**Task requirements**
Repeat, exactly as written, the lines from the one with "Состояние помещений РЭО" to the final line of the listing, and keep every picture out.

**Recorded information**
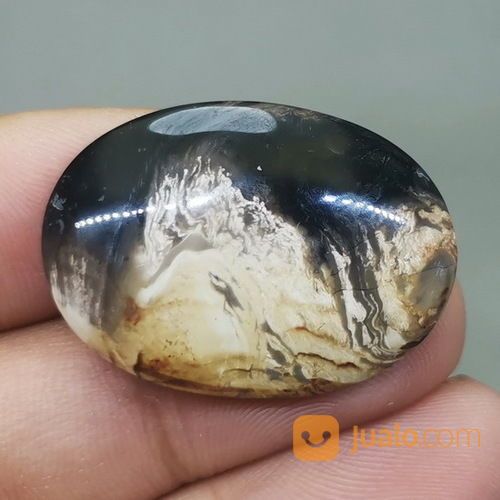 Batu Akik Fosil Kayu Galih Kelor Antik Asli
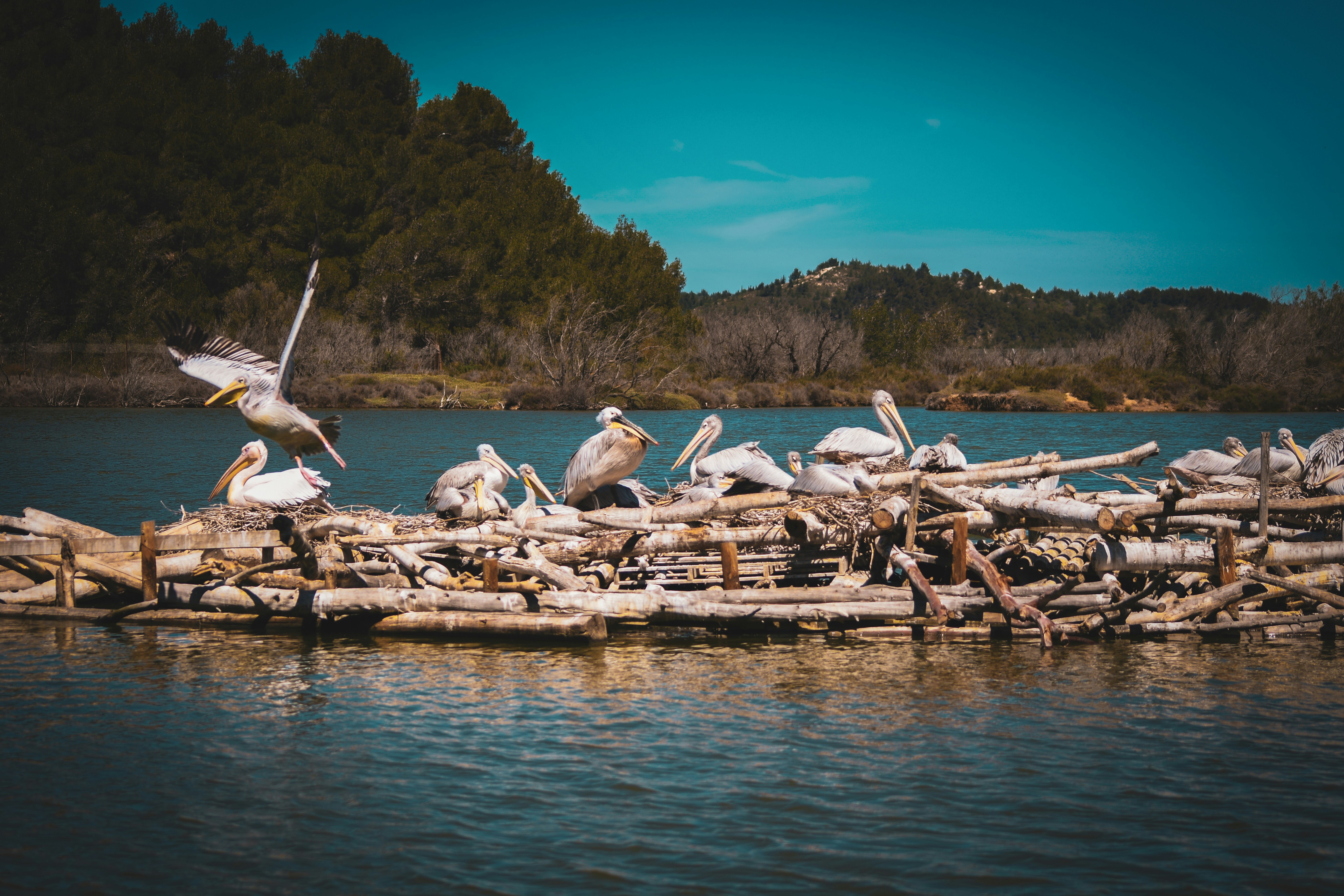 Des pélicans reposant sur une structure en bois dans l’eau.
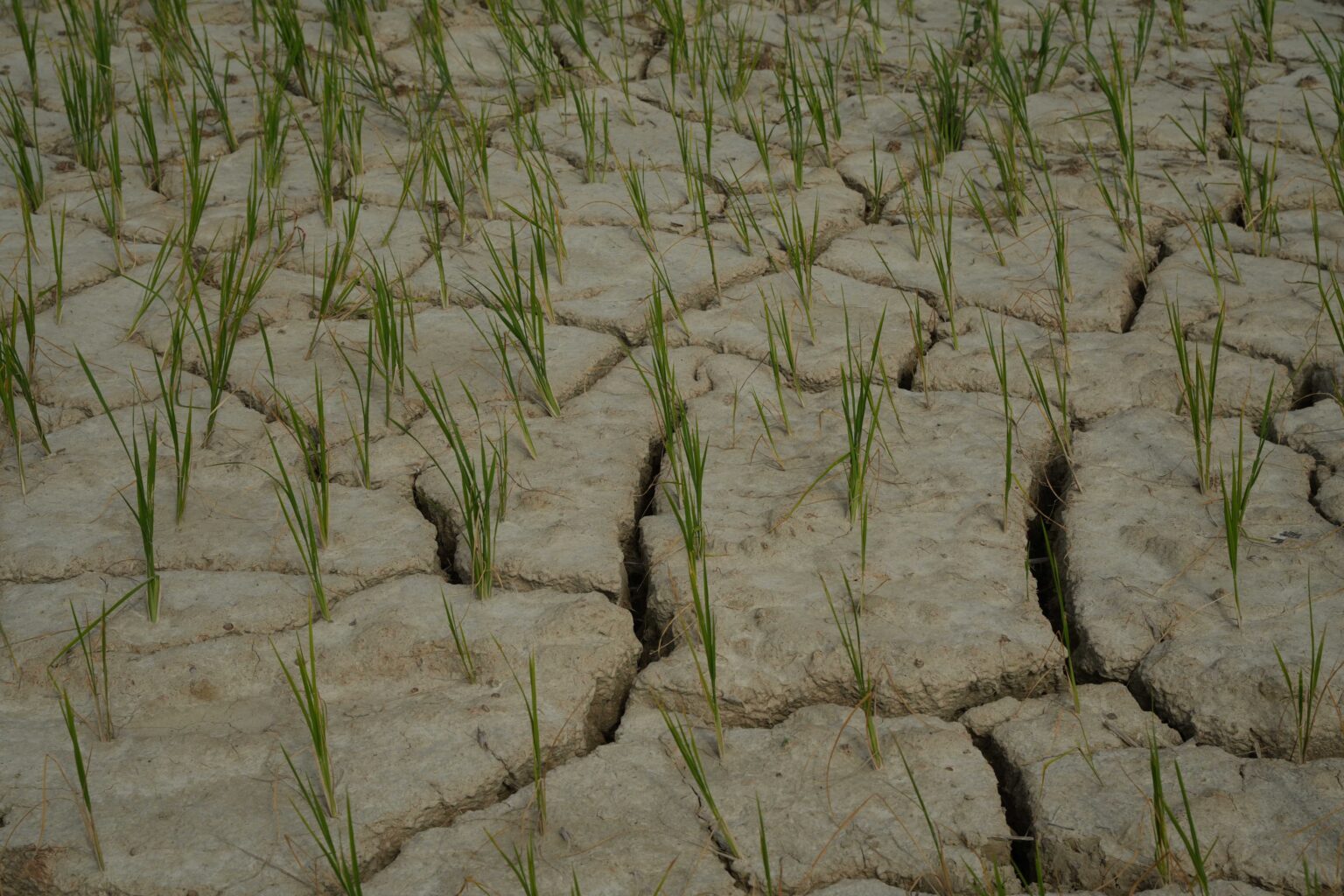 सुख्खा र खडेरीको चपेटामा मधेश प्रदेश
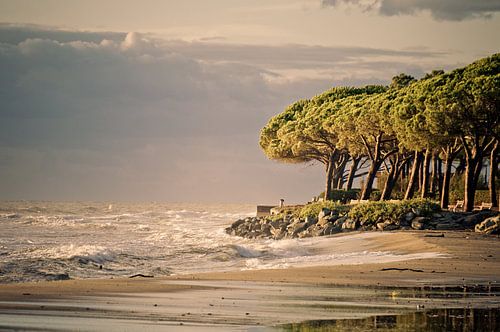 Beach in Corsica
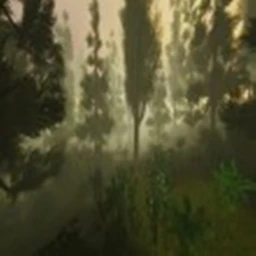 Realistic Forest icon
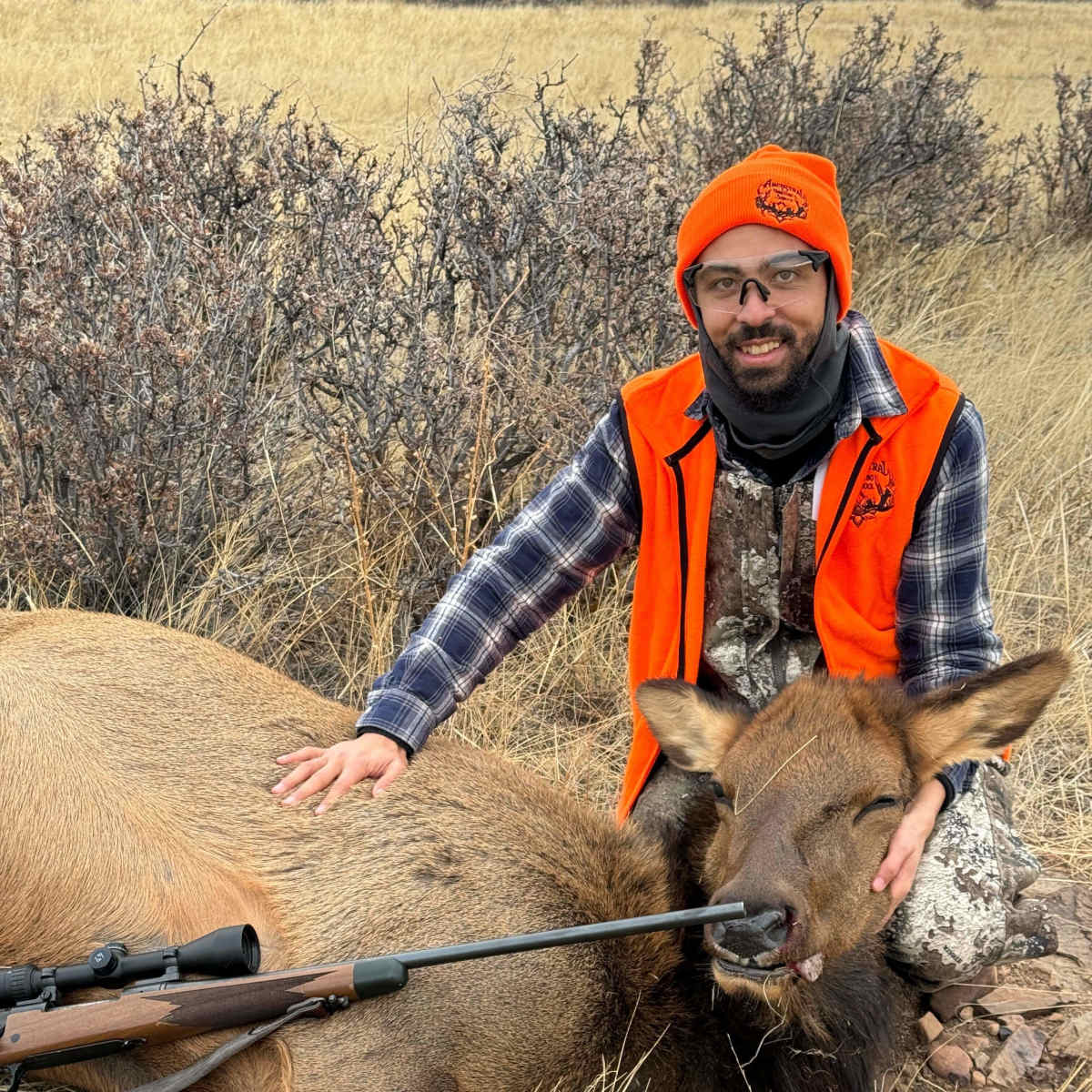 Luman Creek - Cow Elk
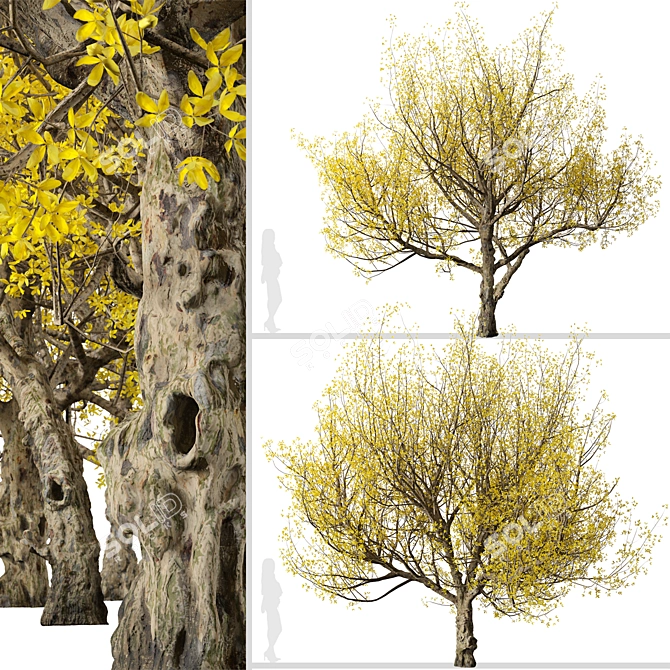 Pair of Cornus mas Trees 3D model image 4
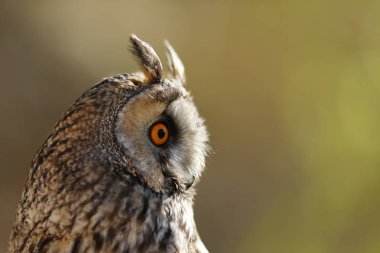 Uzun kulaklı baykuş - Asio otus, Avrupa, Asya ve Kuzey Amerika'da doğurur baykuş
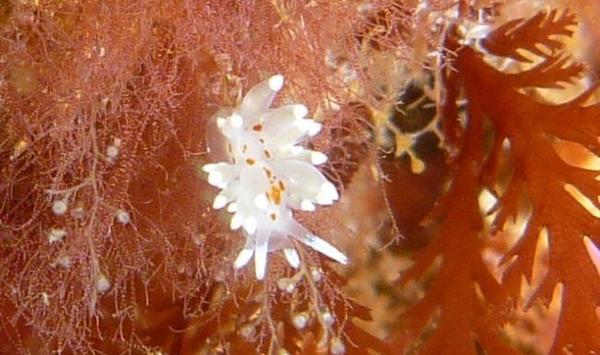 Eubranchus ?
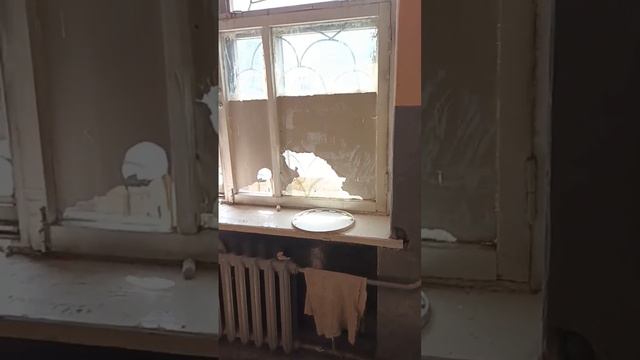 Состояние помещений РЭО ГИБДД МО МВД РФ "МИНУСИНСКИЙ" смотреть онлайн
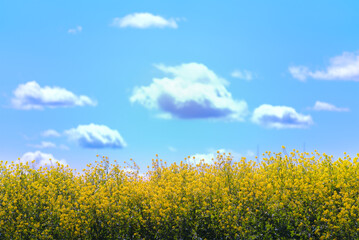 印象的な雲と青空、咲き誇る菜の花が織りなす春のアート風景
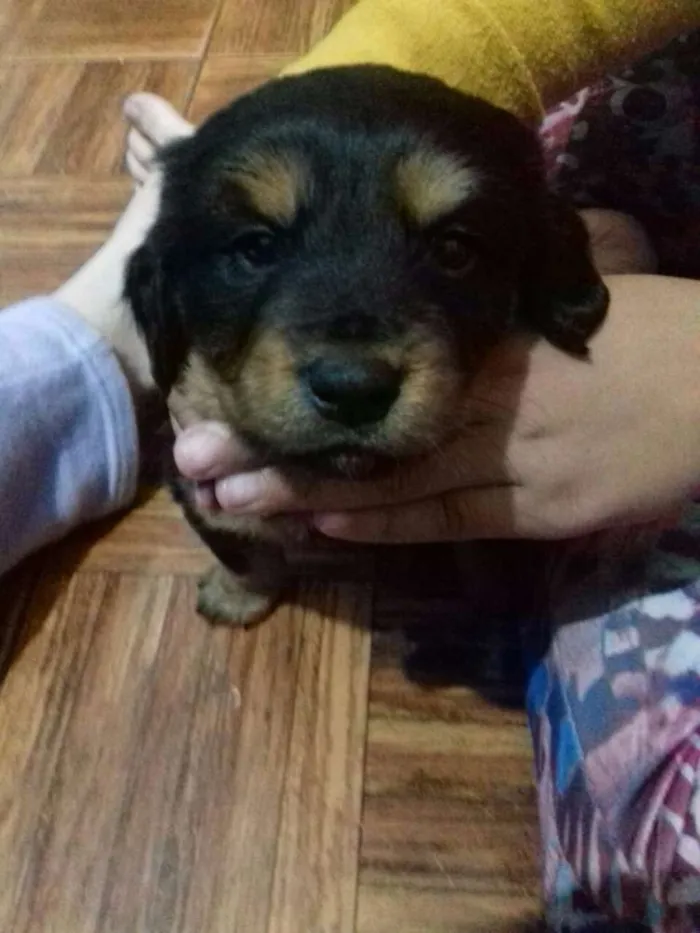 Cachorro ra a SRD idade 2 a 6 meses nome FILHOTES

**Response box**
 Состояние помещений РЭО ГИБДД МО МВД РФ "МИНУСИНСКИЙ" смотреть онлайн
 印象的な雲と青空、咲き誇る菜の花が織りなす春のアート風景
 Cachorro ra a SRD idade 2 a 6 meses nome FILHOTES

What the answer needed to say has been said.